* _What you need to do_:
Using the listing below, give again exactly the lines from the line with "We have less" to the line with "Several mechanisms of", inclusive, without the pictures.

══ Information supplied ══

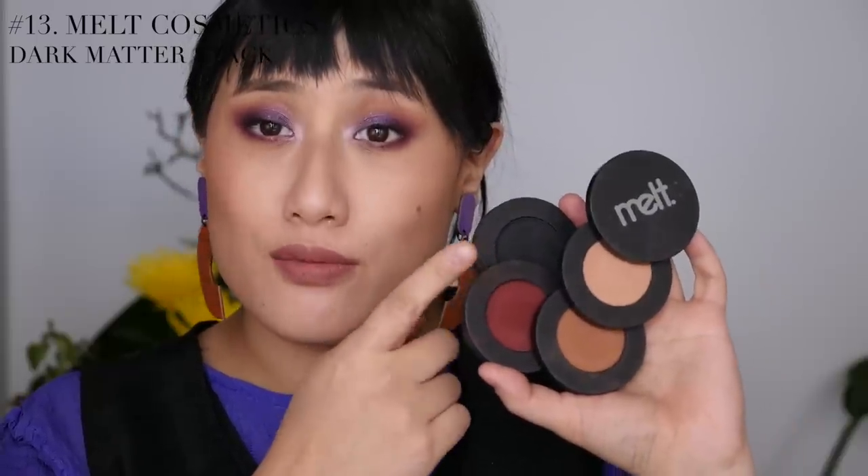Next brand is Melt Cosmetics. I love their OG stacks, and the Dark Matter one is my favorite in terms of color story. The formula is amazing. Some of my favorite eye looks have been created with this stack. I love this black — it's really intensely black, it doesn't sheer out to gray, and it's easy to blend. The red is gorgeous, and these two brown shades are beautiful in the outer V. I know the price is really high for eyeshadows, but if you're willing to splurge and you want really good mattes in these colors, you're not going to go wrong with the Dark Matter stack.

═══
══ Information supplied ══

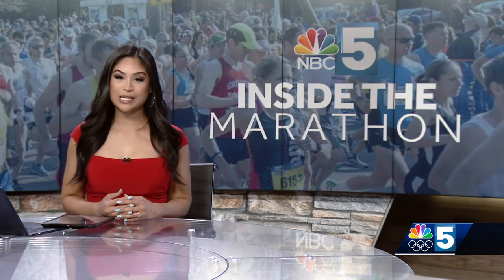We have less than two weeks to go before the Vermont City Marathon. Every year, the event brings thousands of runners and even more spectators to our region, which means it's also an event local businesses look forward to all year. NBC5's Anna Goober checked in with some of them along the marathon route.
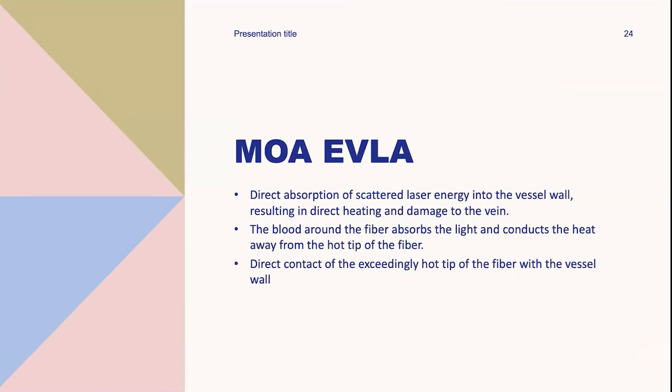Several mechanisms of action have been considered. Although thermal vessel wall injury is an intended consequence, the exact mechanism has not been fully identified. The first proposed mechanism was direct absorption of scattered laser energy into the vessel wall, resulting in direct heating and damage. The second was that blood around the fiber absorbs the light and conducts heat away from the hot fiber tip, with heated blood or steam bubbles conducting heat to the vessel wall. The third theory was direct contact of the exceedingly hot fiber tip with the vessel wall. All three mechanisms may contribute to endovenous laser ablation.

═══

* _Response below_:
We have less than two weeks to go before the Vermont City Marathon. Every year, the event brings thousands of runners and even more spectators to our region, which means it's also an event local businesses look forward to all year. NBC5's Anna Goober checked in with some of them along the marathon route.
Several mechanisms of action have been considered. Although thermal vessel wall injury is an intended consequence, the exact mechanism has not been fully identified. The first proposed mechanism was direct absorption of scattered laser energy into the vessel wall, resulting in direct heating and damage. The second was that blood around the fiber absorbs the light and conducts heat away from the hot fiber tip, with heated blood or steam bubbles conducting heat to the vessel wall. The third theory was direct contact of the exceedingly hot fiber tip with the vessel wall. All three mechanisms may contribute to endovenous laser ablation.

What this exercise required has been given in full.